In the present study, the pretreatment of royal jelly for ten days before adriamycin treatment decreased the percentages of total structural and numerical chromosomal aberrations induced by adriamycin in all days of experiment. Also the protective effect of royal jelly against genotoxicity of adriamycin appeared in the study of DNA fragmentation. When the royal jelly was administrated for ten days before adriamycin treatment, DNA fragmentation decreased with a highly significant level (p<0.001) which appeared after four days from the last treatment and continued for two weeks.

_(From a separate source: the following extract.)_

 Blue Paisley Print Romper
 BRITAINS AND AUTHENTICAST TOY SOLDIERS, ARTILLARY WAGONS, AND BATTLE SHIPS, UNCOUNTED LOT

The protective effect of royal jelly appeared clear when it combined with cobalt gamma radiation (60Co). The total number of structural chromosomal aberrations decreased significantly after royal jelly pretreatment when it was compared with those in groups exposed to cobalt gamma radiation (60Co) alone. The numerical chromosomal aberrations also decreased in the royal jelly pretreatment group but did not reach any significant level. On the other hands, the royal jelly pretreatment induced a significant decrease in DNA fragmentation The royal jelly had a slightly protective effect against the genotoxicity of adriamycin/60Co gamma radiation combined treatment and its effect was less than that in separated treatment groups. There was no significant difference between the total numbers of chromosomal aberrations induced by combined treatment with and without royal jelly pre-treatment. On the other hands, the significant levels appeared between DNA fragmentation with and without royal jelly pretreatment was p<0.01 after one week and p<0.05 after two weeks from the last treatment. The slightly protective effect of royal jelly with the combined treatment may be due to the increase of the cell sensitivity to ionizing radiation by the chemotherapeutic drug, adriamycin, beside its direct effect on dividing cells (Lichter and Lawrence, 1995).
CONCLUSION
The protective effect of royal jelly may be due to its component vitamins, antioxidant vitamins A, E and C, vitamin D and vitamin B complex (Leigh, 1999). These vitamins themselves had anticancer effect (Pour and Lawson, 1984; Liu et al., 2000; Klaassen and Braakhuis, 2002; Giovannucci et al., 2006; Zou et al., 2006) and protective effects against the genotoxicity of chemotherapy and radiotherapy (Parchure et al., 1984; Chen and Pan, 1988; Sarma and Kesavan, 1993; Antunes and Takahashi, 1998, 1999; Tavares et al., 1998; Konopacka et al., 2002; Gülkaç et al., 2004; Kocak et al., 2004). Royal jelly also contained protein fractions (Salazar-Olivo and Paz-Gonzalez, 2005) that they had also anticancer effects.